Blackstone jumped onto the IBD 50 Stocks To Watch list by trading among the market’s more impatient stocks in 2021. Buying opportunities come and go quickly for such stocks, so investors must remain on their toes.
Blackstone (BX) shareholders had a good year in 2019. Shares soared nearly 90%, even as earnings were flat. Now, after taking a tumble in 2020, earnings are projected to rebound 147% this year. Revenue growth has accelerated through the past three quarters. And the stock has a reasonable shot at beating its 2019 increase.
Blackstone operates in four segments: real estate, private equity, hedge fund solutions, and credit and insurance. The asset manager and financial advisory outfit reported almost half of the company’s (prepandemic) 2019 revenue was investment income. An equal amount came from management and advisory fees.
The company reported $684 billion in assets under management at the end of the second quarter. Almost 33% of that was in private equity. Just over 30% was in real estate, around 25% in credit and insurance, and the rest in hedge fund solutions.
Stocks To Watch: Blackstone Gets Busy
At the start of August, a Blackstone-backed media group made a $900 million deal to acquire actress Reese Witherspoon’s Hello Sunshine media production business.

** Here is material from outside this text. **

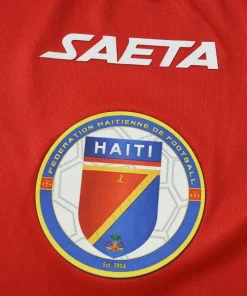 Haití Camiseta 2026 Tercera Roja - Camiseta Haití Mundial 2026 | PTDHMALL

In July, Blackstone took a $2.2 billion stake in American International Group‘s (AIG) life insurance and retirement unit.
Blackstone’s Real Estate Income Trust subsidiary agreed on Aug. 9 to pay $3.1 billion for distribution and logistic property landlord WPT Industrial Real Estate Investment Trust.
For those who concern themselves with such things, Blackstone co-founder and CEO Stephen Schwarzman is a leading financial donor to Republican causes. He supplied $33.5 million to conservative political entities during the 2020 election cycle, according to campaign finance watchdog OpenSecrets.org.
Blackstone shares gained 15.8% in 2020. They are up more than 76% so far in 2021. The stock’s last real breakout came in November.
It offered investors a follow-on, or follow-up buying opportunity in March on a rebound from its 10-week moving average. At the end of last week, Blackstone stock put the finishing touches on a three-weeks-tight pattern with a buy point at 117.75.
A follow-on entry, such as a rebound from support or a three-weeks-tight pattern, is a good place to add to an existing position. It is not generally recommended as a place to jump into a stock from scratch. But Blackstone has been so stingy with buy points, a healthy breakout past the buy point could be tempting.
Blackstone’s Technical Cred
For investors tempted to jump into a new position, keep in mind, the stock has a nearly vertical nine-month rally under its belt and hasn’t paused to take a breath. So, chances are good there is some pressure to consolidate at least some of its recent gains.
Still, Blackstone has held firm support at its 21-day exponential moving average since its March test. Shares pulled back for another test of that line on Tuesday.
Blackstone’s Relative Strength Rating is a powerful 96, and its relative strength line is trading just off its recent highs. In addition, the stock is trading a nominal 41% above its 200-day moving average. That is well below the 70% to 100% that can indicate a stock is becoming overheated.
Deutsche Bank upgraded Blackstone to buy on Wednesday, and lifted its price target to 135 from 112. The report also raised ratings for a couple other stocks to watch, KKR (KKR) and Carlyle Group (CG).